C standard reference (C17 7.16/3):

> The object ap [of type va_list] may be passed as an argument to another function; if that function invokes the va_arg macro
with parameter ap, the value of ap in the calling function is indeterminate and shall be passed to the
va_end macro prior to any further reference to ap.²⁵⁷

Footnote 257:

> It is permitted to create a pointer to a va_list and pass that pointer to another function, in which case the original
function may make further use of the original list after the other function returns.

Passing va_list by value to multiple function is invalid.

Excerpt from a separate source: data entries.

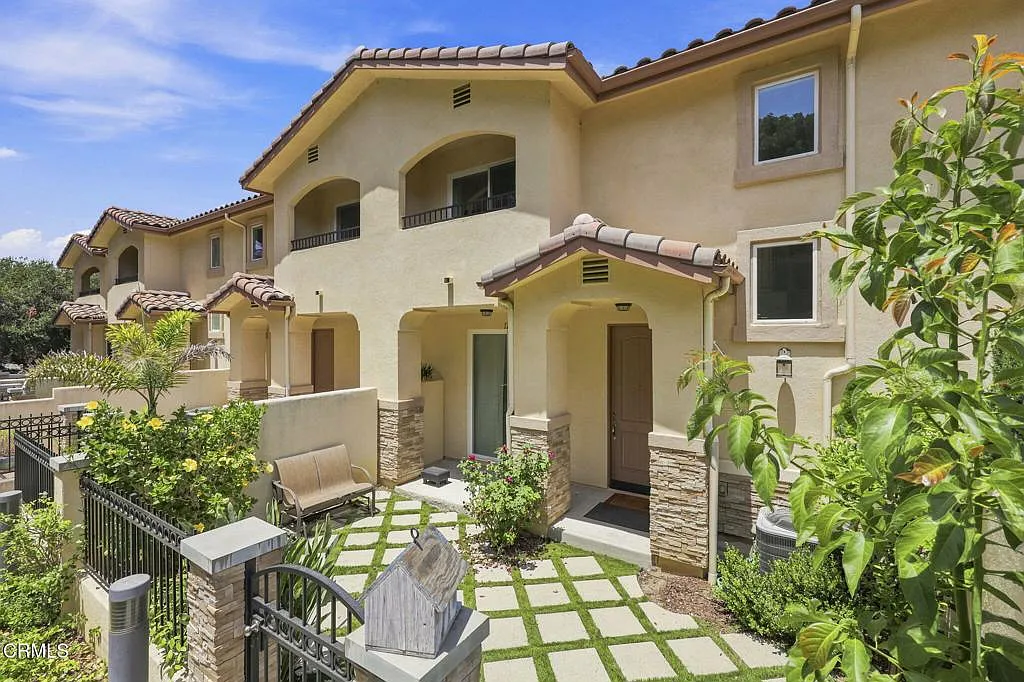 3 bed, 2.5 bath, 1681 sqft, $3,850 — Photo 1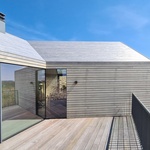 Rodinný dům v dunách vystavěli na písečném ostrově. Foto: 2by4-architects B.V.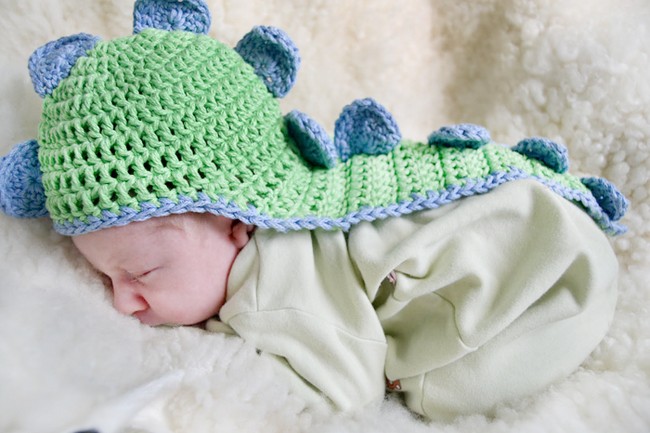 Baby’s Dino Hat With Cape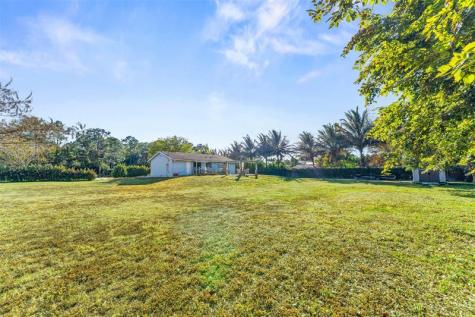 12895 Persimmon Boulevard The Acreage FL 33411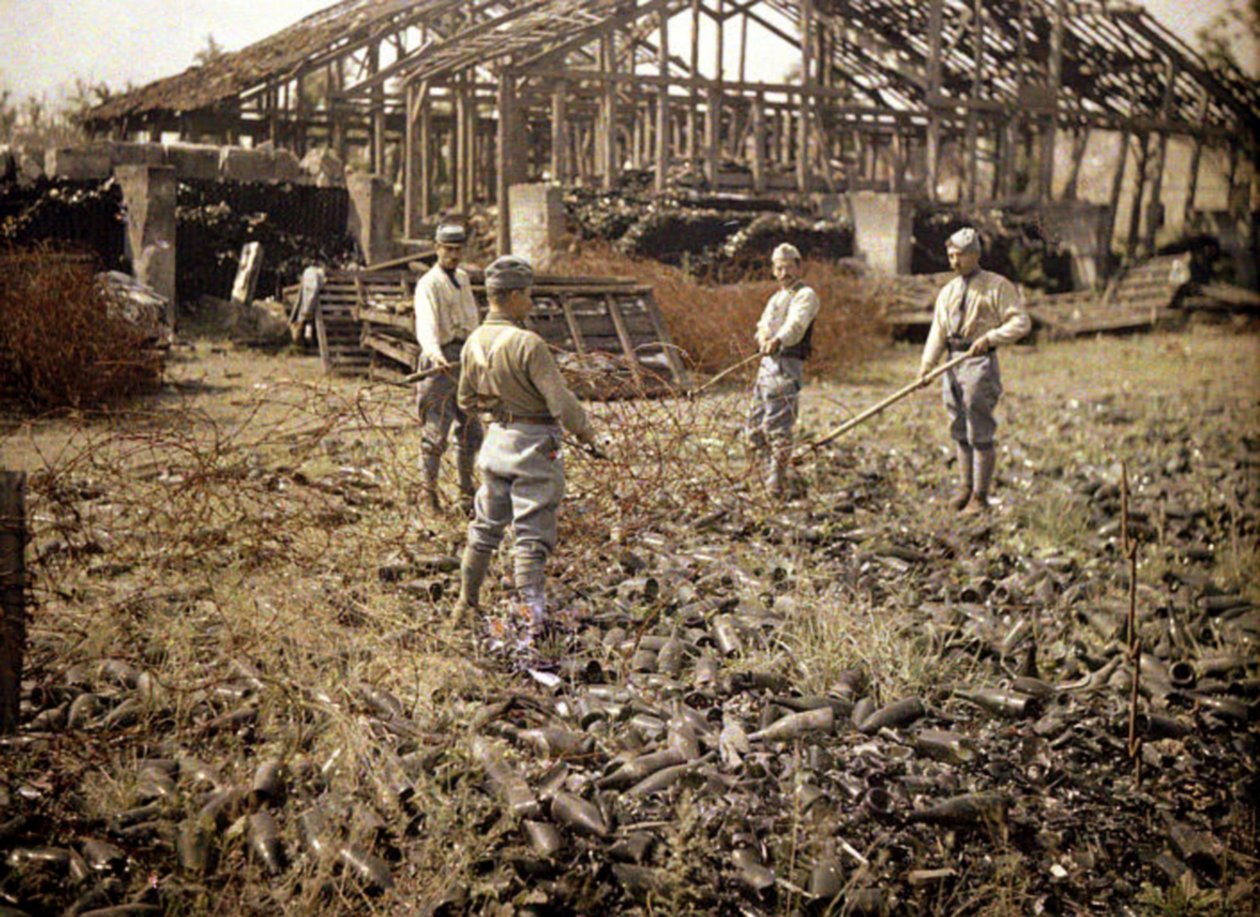 Soldats français installant des barbelés près du bâtiment de stockage des bouteilles, dans une usine de verre gravement endommagée, Verrerie Saint-Gobain de Vauxrot, Cuffies, Aisne, France, 1917 - Fernand Cuville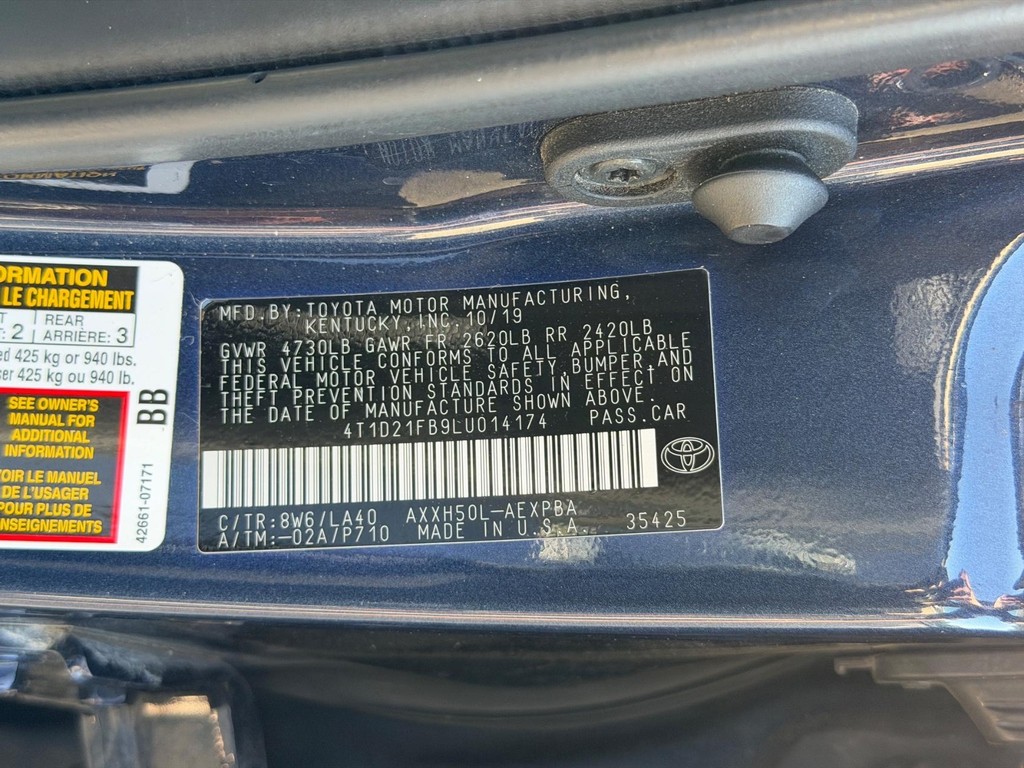 Toyota Avalon Vehicle Full-screen Gallery Image 27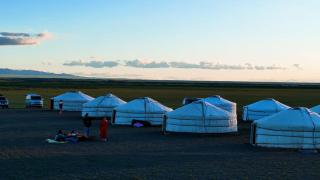 Flaming Cliffs Ger Camp - - 2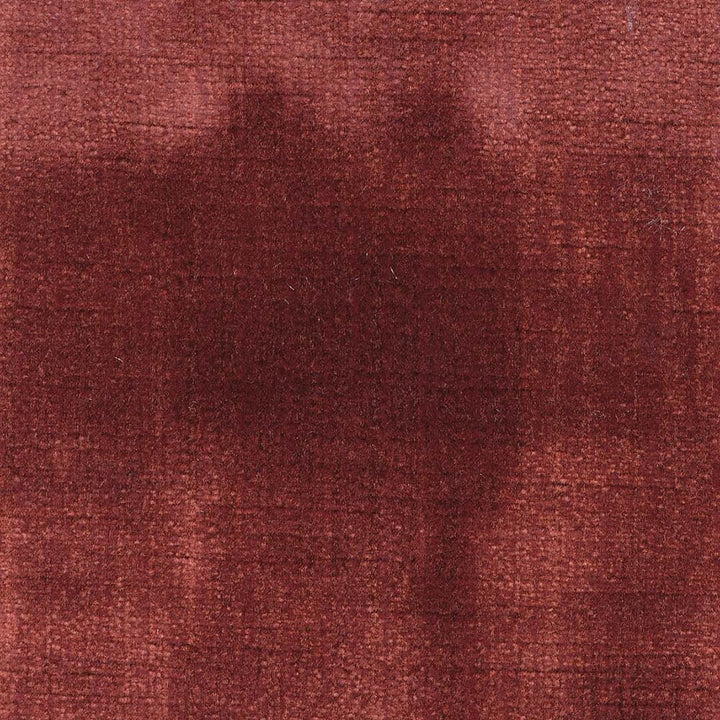 Rembrandt Brick by Kasmir Fabric 1422 75% Rayon
25% Cotton
 USA </p><p>Repeat: Horizontal: 1 inches and Vertical: N/A 54 - 55 - Fabric Carolina -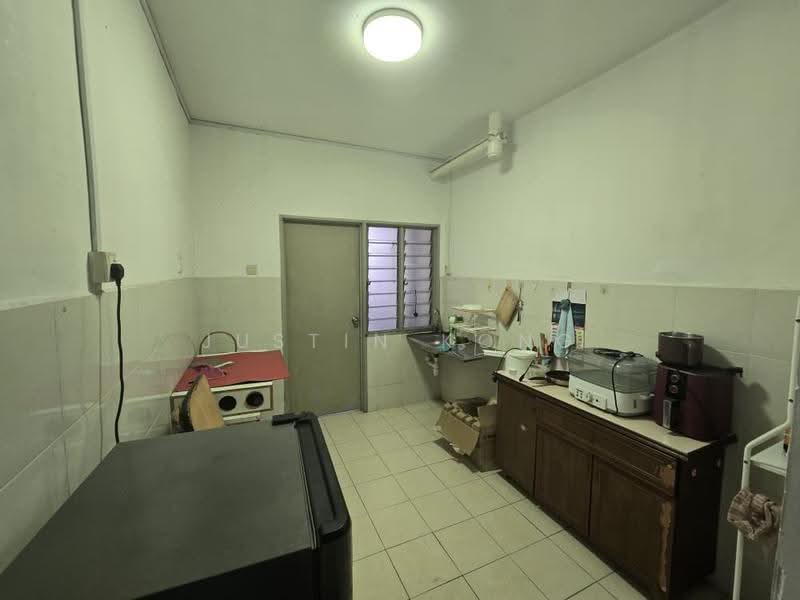Pangsapuri untuk Dijual di Taman Larkin Idaman Plot C - Justin Kong - Kitchen - PropertyGuru.com.my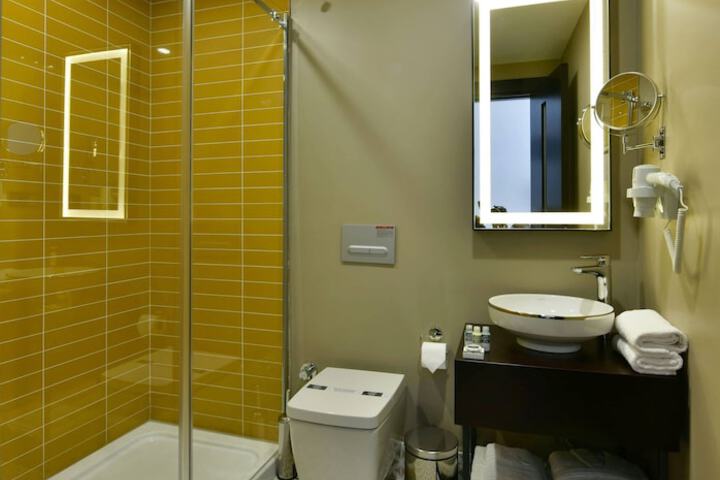 Room 62 of 102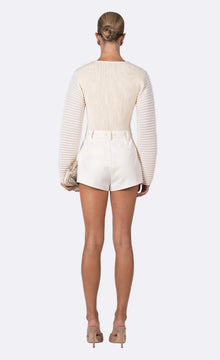 Zehra Short | Vanilla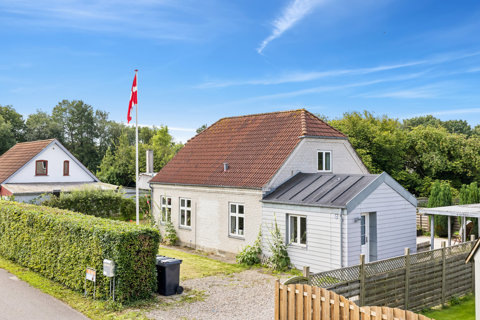 CHARMERENDE VILLA MED GENNEMGRIBENDE ISTANDSÆTTELSER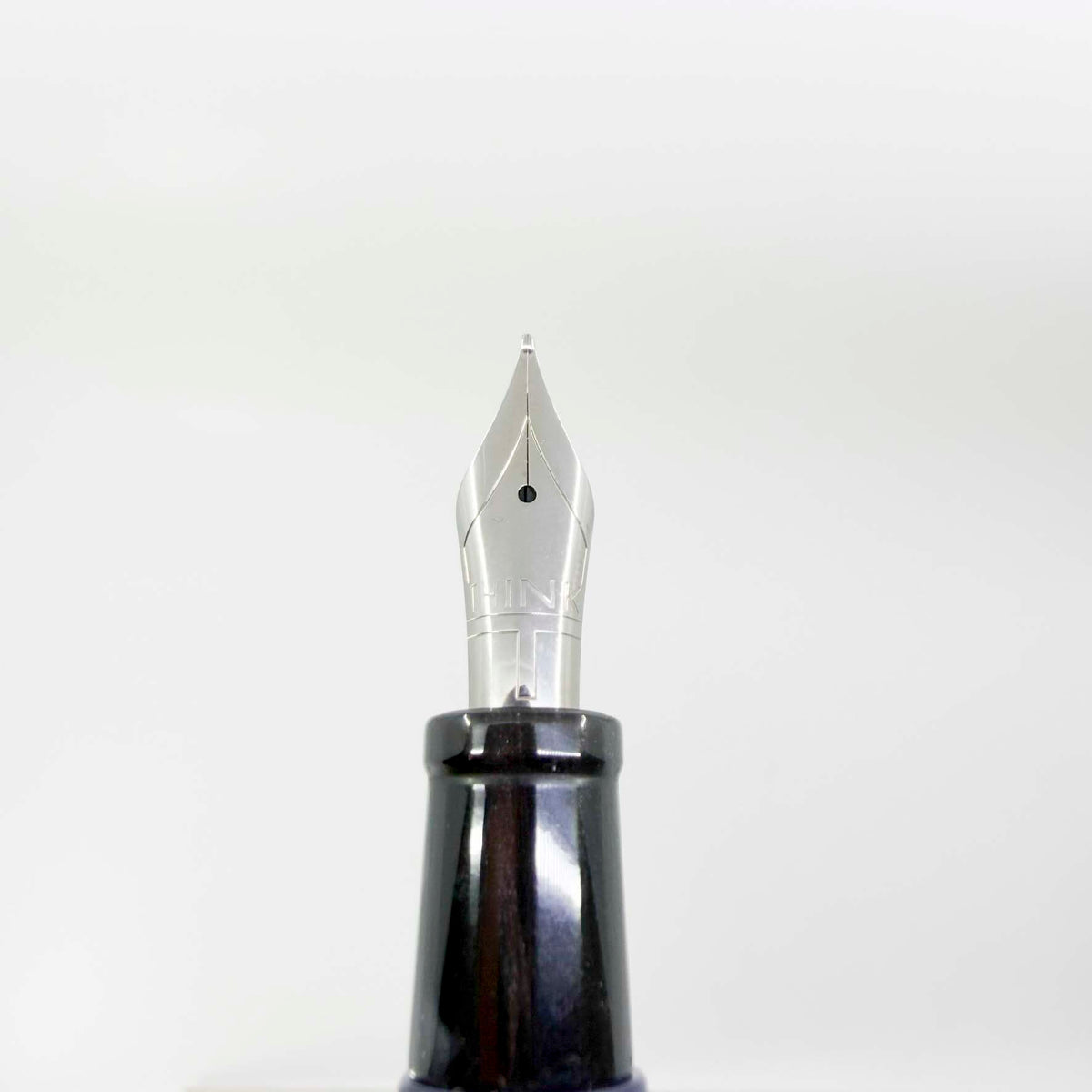 THINK Major League Baseball New York Yankees Special Edition Fountain Pen - Medium Stainless Steel Nib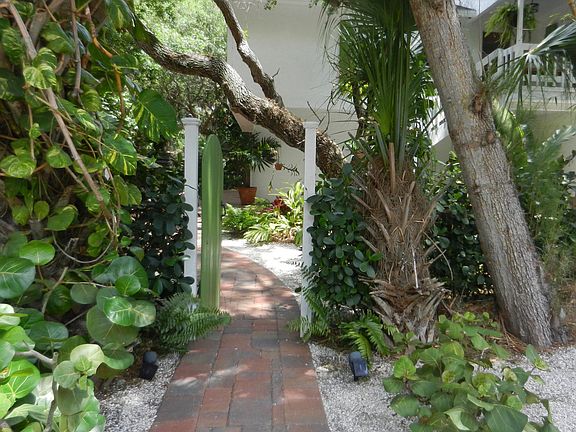 Outdoor gate to the street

You have to pass a pointer to va_list.

#include <stdio.h>
#include <stdarg.h>
typedef struct formatter {
char spec;
void (*print)(va_list*);
} fmt;
void print_char(va_list *args) {
printf("%c", va_arg(*args, int));
}
void print_int(va_list *args) {
printf("%d", va_arg(*args, int));
}
void print_float(va_list *args) {
printf("%f", va_arg(*args, double));
}
void print_string(va_list *args) {
char *spec = va_arg(*args, char *);
if (spec == NULL) {
printf("(nil)");
return;
}
printf("%s", spec);
}
void print_all(const char *const format, ...) {
fmt f[] = {
{'c', print_char},
{'i', print_int},
{'f', print_float},
{'s', print_string},
{'\0', NULL}};
const char *separator = "";
va_list args;
va_start(args, format);
if (format == NULL) {
return;
}
for (int i = 0; format[i] != '\0'; ++i) {
for (int j = 0; f[j].spec; f++) {
if (f[j].spec == format[i]) {
printf("%s", separator);
f[j].print(&args);
separator = ", ";
break;
}
}
}
printf("\n");
va_end(args);
}
int main(void) {
print_all("cis", 'B', 3, "stSchool");
}